## WHAT TO PRODUCE
Repeat the listing below in full, keeping each word as given.

--------------------

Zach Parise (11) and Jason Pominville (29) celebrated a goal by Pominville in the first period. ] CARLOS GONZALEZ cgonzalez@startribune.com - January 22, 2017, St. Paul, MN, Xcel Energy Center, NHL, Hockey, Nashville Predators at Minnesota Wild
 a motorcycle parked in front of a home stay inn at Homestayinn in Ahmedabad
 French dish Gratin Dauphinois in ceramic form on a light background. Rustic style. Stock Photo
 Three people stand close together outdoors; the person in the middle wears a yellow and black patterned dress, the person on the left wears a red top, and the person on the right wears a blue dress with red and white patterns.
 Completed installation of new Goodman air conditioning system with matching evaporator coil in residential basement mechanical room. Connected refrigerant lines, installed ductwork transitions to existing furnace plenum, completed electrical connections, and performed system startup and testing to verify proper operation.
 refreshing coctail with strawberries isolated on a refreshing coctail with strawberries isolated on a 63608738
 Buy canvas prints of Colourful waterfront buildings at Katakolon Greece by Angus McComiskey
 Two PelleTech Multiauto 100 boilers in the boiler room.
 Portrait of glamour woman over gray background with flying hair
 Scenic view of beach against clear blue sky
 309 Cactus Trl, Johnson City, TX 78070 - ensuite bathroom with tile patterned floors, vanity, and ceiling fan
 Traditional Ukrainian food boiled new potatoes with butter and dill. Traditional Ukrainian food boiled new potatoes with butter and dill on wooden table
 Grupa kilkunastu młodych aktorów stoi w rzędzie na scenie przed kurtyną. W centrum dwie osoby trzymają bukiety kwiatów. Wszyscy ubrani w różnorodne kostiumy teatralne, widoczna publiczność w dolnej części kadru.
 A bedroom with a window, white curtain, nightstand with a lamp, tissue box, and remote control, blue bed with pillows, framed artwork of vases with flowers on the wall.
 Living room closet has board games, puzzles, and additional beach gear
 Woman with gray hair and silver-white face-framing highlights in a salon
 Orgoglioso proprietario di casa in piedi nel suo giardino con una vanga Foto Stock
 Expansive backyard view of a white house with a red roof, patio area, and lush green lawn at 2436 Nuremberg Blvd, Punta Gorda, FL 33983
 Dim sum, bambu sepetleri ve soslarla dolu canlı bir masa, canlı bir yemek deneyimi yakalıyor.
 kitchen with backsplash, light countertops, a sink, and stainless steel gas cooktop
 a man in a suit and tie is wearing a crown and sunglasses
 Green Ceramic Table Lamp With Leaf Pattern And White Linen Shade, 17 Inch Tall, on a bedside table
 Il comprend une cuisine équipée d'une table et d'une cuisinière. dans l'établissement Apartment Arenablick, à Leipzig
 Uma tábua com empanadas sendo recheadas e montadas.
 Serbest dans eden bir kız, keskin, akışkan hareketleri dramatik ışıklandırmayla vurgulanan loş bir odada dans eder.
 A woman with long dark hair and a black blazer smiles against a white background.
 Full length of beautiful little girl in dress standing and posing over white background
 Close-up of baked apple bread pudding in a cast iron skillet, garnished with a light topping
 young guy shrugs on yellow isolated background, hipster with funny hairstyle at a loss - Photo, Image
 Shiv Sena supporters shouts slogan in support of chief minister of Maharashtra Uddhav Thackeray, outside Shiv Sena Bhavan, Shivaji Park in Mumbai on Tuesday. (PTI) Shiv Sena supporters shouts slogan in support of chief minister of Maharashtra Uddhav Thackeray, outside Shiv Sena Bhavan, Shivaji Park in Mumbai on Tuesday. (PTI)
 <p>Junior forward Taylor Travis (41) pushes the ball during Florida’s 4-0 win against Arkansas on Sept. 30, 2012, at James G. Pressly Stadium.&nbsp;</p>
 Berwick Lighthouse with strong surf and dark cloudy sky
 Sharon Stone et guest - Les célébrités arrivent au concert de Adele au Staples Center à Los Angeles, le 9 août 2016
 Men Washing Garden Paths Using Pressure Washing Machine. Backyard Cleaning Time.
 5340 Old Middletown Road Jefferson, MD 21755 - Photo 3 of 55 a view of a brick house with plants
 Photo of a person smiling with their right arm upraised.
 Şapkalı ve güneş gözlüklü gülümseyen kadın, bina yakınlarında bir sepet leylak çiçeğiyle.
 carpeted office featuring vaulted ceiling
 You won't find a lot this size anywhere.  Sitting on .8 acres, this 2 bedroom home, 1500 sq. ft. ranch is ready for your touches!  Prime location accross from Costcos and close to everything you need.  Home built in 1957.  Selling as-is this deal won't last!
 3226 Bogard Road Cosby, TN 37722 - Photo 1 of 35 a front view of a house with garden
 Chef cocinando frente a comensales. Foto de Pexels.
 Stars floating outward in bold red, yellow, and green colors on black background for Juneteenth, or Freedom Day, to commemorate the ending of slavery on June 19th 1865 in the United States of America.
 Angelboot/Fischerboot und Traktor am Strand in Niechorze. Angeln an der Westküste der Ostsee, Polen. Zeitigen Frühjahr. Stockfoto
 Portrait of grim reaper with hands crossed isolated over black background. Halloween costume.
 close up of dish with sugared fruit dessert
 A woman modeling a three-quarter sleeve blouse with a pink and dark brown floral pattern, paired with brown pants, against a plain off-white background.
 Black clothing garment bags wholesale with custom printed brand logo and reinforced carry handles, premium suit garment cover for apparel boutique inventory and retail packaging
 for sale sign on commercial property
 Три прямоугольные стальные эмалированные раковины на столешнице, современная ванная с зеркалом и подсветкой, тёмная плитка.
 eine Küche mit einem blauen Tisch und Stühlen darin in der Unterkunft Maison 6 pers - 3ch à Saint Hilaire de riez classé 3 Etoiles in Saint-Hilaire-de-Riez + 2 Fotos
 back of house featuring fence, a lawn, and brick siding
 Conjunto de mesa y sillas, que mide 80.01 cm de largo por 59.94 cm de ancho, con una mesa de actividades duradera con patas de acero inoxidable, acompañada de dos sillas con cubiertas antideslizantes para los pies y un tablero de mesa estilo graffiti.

--------------------

## ANSWER TO THE EXERCISE
Zach Parise (11) and Jason Pominville (29) celebrated a goal by Pominville in the first period. ] CARLOS GONZALEZ cgonzalez@startribune.com - January 22, 2017, St. Paul, MN, Xcel Energy Center, NHL, Hockey, Nashville Predators at Minnesota Wild
 a motorcycle parked in front of a home stay inn at Homestayinn in Ahmedabad
 French dish Gratin Dauphinois in ceramic form on a light background. Rustic style. Stock Photo
 Three people stand close together outdoors; the person in the middle wears a yellow and black patterned dress, the person on the left wears a red top, and the person on the right wears a blue dress with red and white patterns.
 Completed installation of new Goodman air conditioning system with matching evaporator coil in residential basement mechanical room. Connected refrigerant lines, installed ductwork transitions to existing furnace plenum, completed electrical connections, and performed system startup and testing to verify proper operation.
 refreshing coctail with strawberries isolated on a refreshing coctail with strawberries isolated on a 63608738
 Buy canvas prints of Colourful waterfront buildings at Katakolon Greece by Angus McComiskey
 Two PelleTech Multiauto 100 boilers in the boiler room.
 Portrait of glamour woman over gray background with flying hair
 Scenic view of beach against clear blue sky
 309 Cactus Trl, Johnson City, TX 78070 - ensuite bathroom with tile patterned floors, vanity, and ceiling fan
 Traditional Ukrainian food boiled new potatoes with butter and dill. Traditional Ukrainian food boiled new potatoes with butter and dill on wooden table
 Grupa kilkunastu młodych aktorów stoi w rzędzie na scenie przed kurtyną. W centrum dwie osoby trzymają bukiety kwiatów. Wszyscy ubrani w różnorodne kostiumy teatralne, widoczna publiczność w dolnej części kadru.
 A bedroom with a window, white curtain, nightstand with a lamp, tissue box, and remote control, blue bed with pillows, framed artwork of vases with flowers on the wall.
 Living room closet has board games, puzzles, and additional beach gear
 Woman with gray hair and silver-white face-framing highlights in a salon
 Orgoglioso proprietario di casa in piedi nel suo giardino con una vanga Foto Stock
 Expansive backyard view of a white house with a red roof, patio area, and lush green lawn at 2436 Nuremberg Blvd, Punta Gorda, FL 33983
 Dim sum, bambu sepetleri ve soslarla dolu canlı bir masa, canlı bir yemek deneyimi yakalıyor.
 kitchen with backsplash, light countertops, a sink, and stainless steel gas cooktop
 a man in a suit and tie is wearing a crown and sunglasses
 Green Ceramic Table Lamp With Leaf Pattern And White Linen Shade, 17 Inch Tall, on a bedside table
 Il comprend une cuisine équipée d'une table et d'une cuisinière. dans l'établissement Apartment Arenablick, à Leipzig
 Uma tábua com empanadas sendo recheadas e montadas.
 Serbest dans eden bir kız, keskin, akışkan hareketleri dramatik ışıklandırmayla vurgulanan loş bir odada dans eder.
 A woman with long dark hair and a black blazer smiles against a white background.
 Full length of beautiful little girl in dress standing and posing over white background
 Close-up of baked apple bread pudding in a cast iron skillet, garnished with a light topping
 young guy shrugs on yellow isolated background, hipster with funny hairstyle at a loss - Photo, Image
 Shiv Sena supporters shouts slogan in support of chief minister of Maharashtra Uddhav Thackeray, outside Shiv Sena Bhavan, Shivaji Park in Mumbai on Tuesday. (PTI) Shiv Sena supporters shouts slogan in support of chief minister of Maharashtra Uddhav Thackeray, outside Shiv Sena Bhavan, Shivaji Park in Mumbai on Tuesday. (PTI)
 <p>Junior forward Taylor Travis (41) pushes the ball during Florida’s 4-0 win against Arkansas on Sept. 30, 2012, at James G. Pressly Stadium.&nbsp;</p>
 Berwick Lighthouse with strong surf and dark cloudy sky
 Sharon Stone et guest - Les célébrités arrivent au concert de Adele au Staples Center à Los Angeles, le 9 août 2016
 Men Washing Garden Paths Using Pressure Washing Machine. Backyard Cleaning Time.
 5340 Old Middletown Road Jefferson, MD 21755 - Photo 3 of 55 a view of a brick house with plants
 Photo of a person smiling with their right arm upraised.
 Şapkalı ve güneş gözlüklü gülümseyen kadın, bina yakınlarında bir sepet leylak çiçeğiyle.
 carpeted office featuring vaulted ceiling
 You won't find a lot this size anywhere.  Sitting on .8 acres, this 2 bedroom home, 1500 sq. ft. ranch is ready for your touches!  Prime location accross from Costcos and close to everything you need.  Home built in 1957.  Selling as-is this deal won't last!
 3226 Bogard Road Cosby, TN 37722 - Photo 1 of 35 a front view of a house with garden
 Chef cocinando frente a comensales. Foto de Pexels.
 Stars floating outward in bold red, yellow, and green colors on black background for Juneteenth, or Freedom Day, to commemorate the ending of slavery on June 19th 1865 in the United States of America.
 Angelboot/Fischerboot und Traktor am Strand in Niechorze. Angeln an der Westküste der Ostsee, Polen. Zeitigen Frühjahr. Stockfoto
 Portrait of grim reaper with hands crossed isolated over black background. Halloween costume.
 close up of dish with sugared fruit dessert
 A woman modeling a three-quarter sleeve blouse with a pink and dark brown floral pattern, paired with brown pants, against a plain off-white background.
 Black clothing garment bags wholesale with custom printed brand logo and reinforced carry handles, premium suit garment cover for apparel boutique inventory and retail packaging
 for sale sign on commercial property
 Три прямоугольные стальные эмалированные раковины на столешнице, современная ванная с зеркалом и подсветкой, тёмная плитка.
 eine Küche mit einem blauen Tisch und Stühlen darin in der Unterkunft Maison 6 pers - 3ch à Saint Hilaire de riez classé 3 Etoiles in Saint-Hilaire-de-Riez + 2 Fotos
 back of house featuring fence, a lawn, and brick siding
 Conjunto de mesa y sillas, que mide 80.01 cm de largo por 59.94 cm de ancho, con una mesa de actividades duradera con patas de acero inoxidable, acompañada de dos sillas con cubiertas antideslizantes para los pies y un tablero de mesa estilo graffiti.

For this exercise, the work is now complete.